Secondly, European identity can be seen, not as an identity that is outside or anti-national, but as an internal transformation of national identities. In these terms, it is not a case of European versus national identities, but of the Europeanization of national identities that is significant. Thus it is the case that many national identities have found within the project of European integration the means of advancing their interests, but too of re-orienting their self-understanding. The consolidation of a European symbolic culture based on the EU has entered into the national cultures even if it is also partly external. The symbols of the EU – the blue and yellow flag, anthem, currency icons, burgundy passport covers, pink driving licences etc – have in most cases been absorbed into national cultures and are not in a significant sense the basis of collective identities.

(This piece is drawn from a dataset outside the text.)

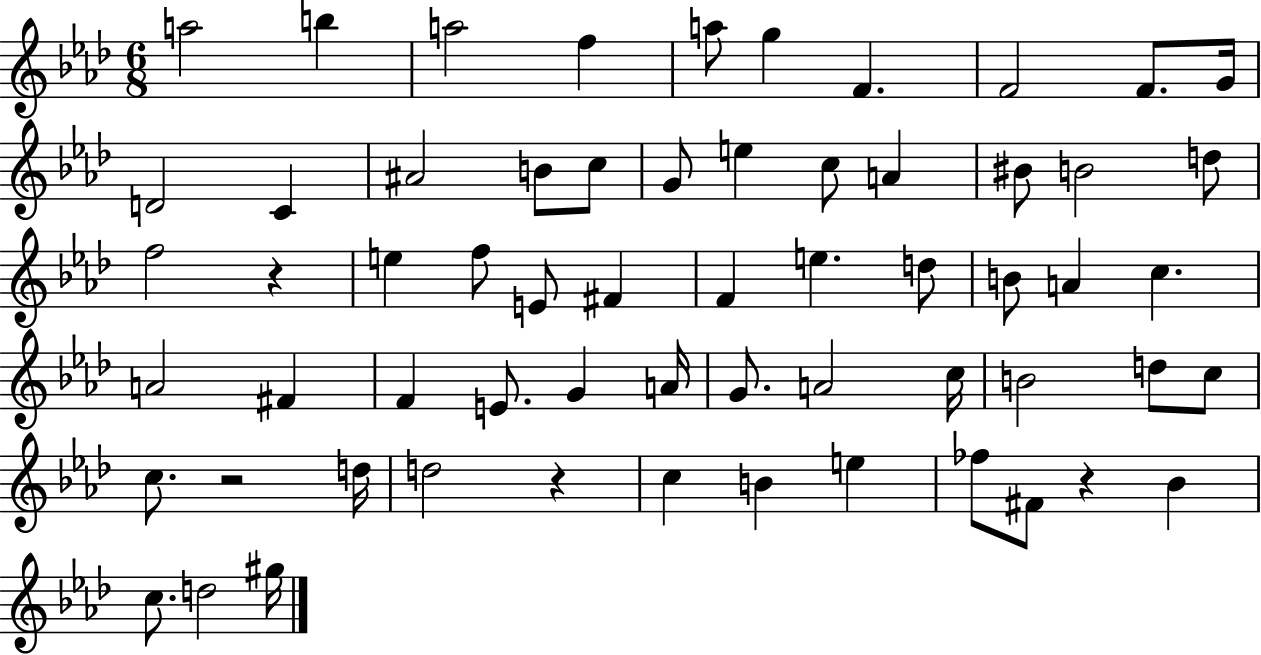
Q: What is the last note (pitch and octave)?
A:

European identity is more diluted than the concept of identity normally suggests, but it is also open to more and thus involves more interpretations. The result is that there is more, not less, contestation as to the meaning of Europe as well as greater uncertainty as to what it consists. For this reason, again, what is at work here is the internal transformation of identities through constant re-interpretation. National culture and national identities are themselves highly diverse and there are often greater internal differences within a given country than between countries. It is not the case of a coherent national identity resisting a dominant European identity any more than it is a matter of national identity being replaced by a new European identity. This is one of the more significant forms that post-national identity takes today. Rather than a supra-national identity, it is a self-understanding that has recognises the relativity and plurality of the notion of the nation.

Europe is not a fixed reference point, but a variable term whose meaning will always change in response to changing circumstances. Rather than deny the existence or possibility of a European identity, it is perhaps best found in the myriad of discourses in which Europe figures as a term of reference as well as itself a mode of discourse. In this way more and more issues are framed in the terms of Europe – both in positive and in negative senses – and thus bringing into existence not just an order of discourse but a new reality that has normative significance.

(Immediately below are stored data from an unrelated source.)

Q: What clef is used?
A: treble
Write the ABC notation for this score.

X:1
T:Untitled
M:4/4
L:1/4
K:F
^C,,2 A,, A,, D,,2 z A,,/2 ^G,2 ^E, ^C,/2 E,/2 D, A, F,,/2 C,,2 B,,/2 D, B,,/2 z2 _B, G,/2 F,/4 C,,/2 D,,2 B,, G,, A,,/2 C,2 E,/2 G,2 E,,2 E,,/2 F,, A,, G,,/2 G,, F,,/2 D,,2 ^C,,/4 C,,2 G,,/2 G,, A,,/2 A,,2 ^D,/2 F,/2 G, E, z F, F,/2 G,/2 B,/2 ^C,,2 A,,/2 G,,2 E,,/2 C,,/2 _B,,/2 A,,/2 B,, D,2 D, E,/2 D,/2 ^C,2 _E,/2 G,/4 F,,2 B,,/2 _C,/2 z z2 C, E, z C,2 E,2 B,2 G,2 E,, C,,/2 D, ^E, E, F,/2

Making sense of Europe’s Cultural Heritage

One of the challenges in addressing cultural heritage resides in relating the different dimensions of memory, history, and culture more generally. Heritage is first related to the problem of memory, since it reflects the way in which different groups as well as societies see their past. However, memory is often a poor guide to the past. So the question arises as to the relation between memory and history. National constructions of memory often bear little relation to the facts of history and many such memories are deeply divided. Heritage would appear to have an evaluative dimension in that it is about how the past should be recalled by the present. This is immediately to take up a normative stance on the past.

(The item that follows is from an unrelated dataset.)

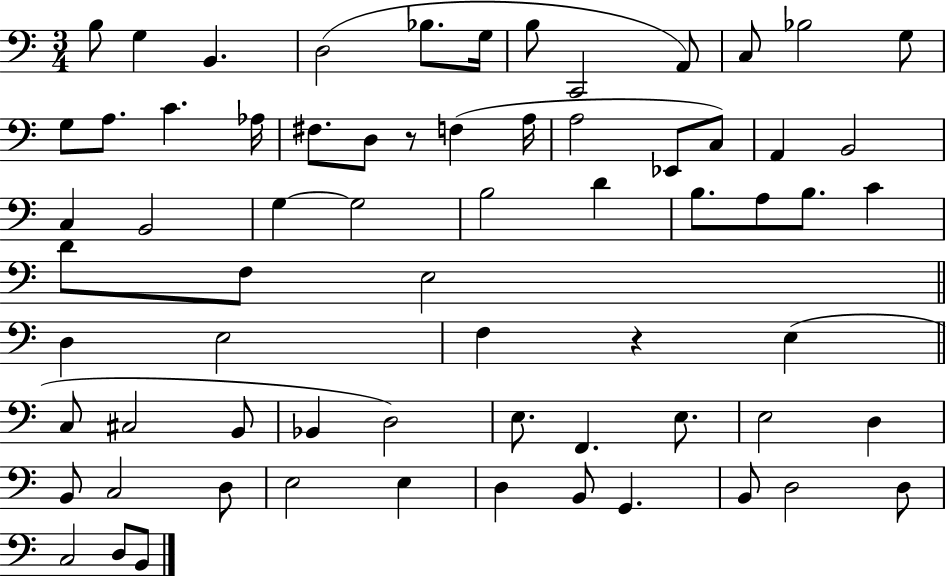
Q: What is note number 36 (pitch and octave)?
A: D4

The question of a European cultural heritage thus needs to be posed in a way that does not reduce heritage to a specific subject to which a particular form of life can be related. Instead what is needed is to understand the ways by which European societies interpret themselves, their past and their collective goals and aspirations to arriving at a view as to what the present task should be and how cultural policy making could guide the formation of a narrative that is appropriate for the present day. This challenge is perhaps the central talk of for the European cultural heritage today.

Our aim in this project is to bring some of the most important theoretical and philosophical perspectives to bear on museums, galleries, libraries as sites of public culture, and to build on developments in the late 20th century’s ‘new museology’ that incorporated postmodernist/Foucauldian, feminist, and postcolonialist critiques of cultural legitimacy into curatorship and museum practices (Karp et al., 2006; Fabiani, 2007; Rodríguez Morató, 2003). The application of recent advances in cultural and social theory will help to develop new understandings of the complexities of contemporary debates of heritage, memory and culture.

The Three General Axes: Cultural Memory, Cultural Inclusion and Cultural Creativity

On the basis of the foregoing theoretical analysis of the changed context of heritage and identities, the conceptual objectives of the project will be operationalised around a number of substantive thematic areas that will be analysed in terms of three general axes: cultural memory, cultural inclusion and cultural creativity. These are designed to research debates relating to heritage in the institutions and practices of cultural memory; how the focus on diversity and inclusion impacts on the practices of memory institutions, including on stakeholders and networks; what this reconfiguration contributes to new or post-national oriented narratives about identity and European values; and how heritage, cultural diversity and creativity relate in the context of huge cultural transformations such as the ones represented by digitization and cultural globalization. The three axes forming the basis of CulturalBase are included in the specific societal challenge ‘Europe in a changing world – inclusive, innovative and reflective societies’.

Our research will proceed in two steps: first, an overview of six large thematic fields covering the whole topic of Cultural Heritage and European Identities in order to identify and debate main research issues and policy programmes within it; and second, a deep review of 12 more specific thematic areas selected as a result of the previous process of analysis.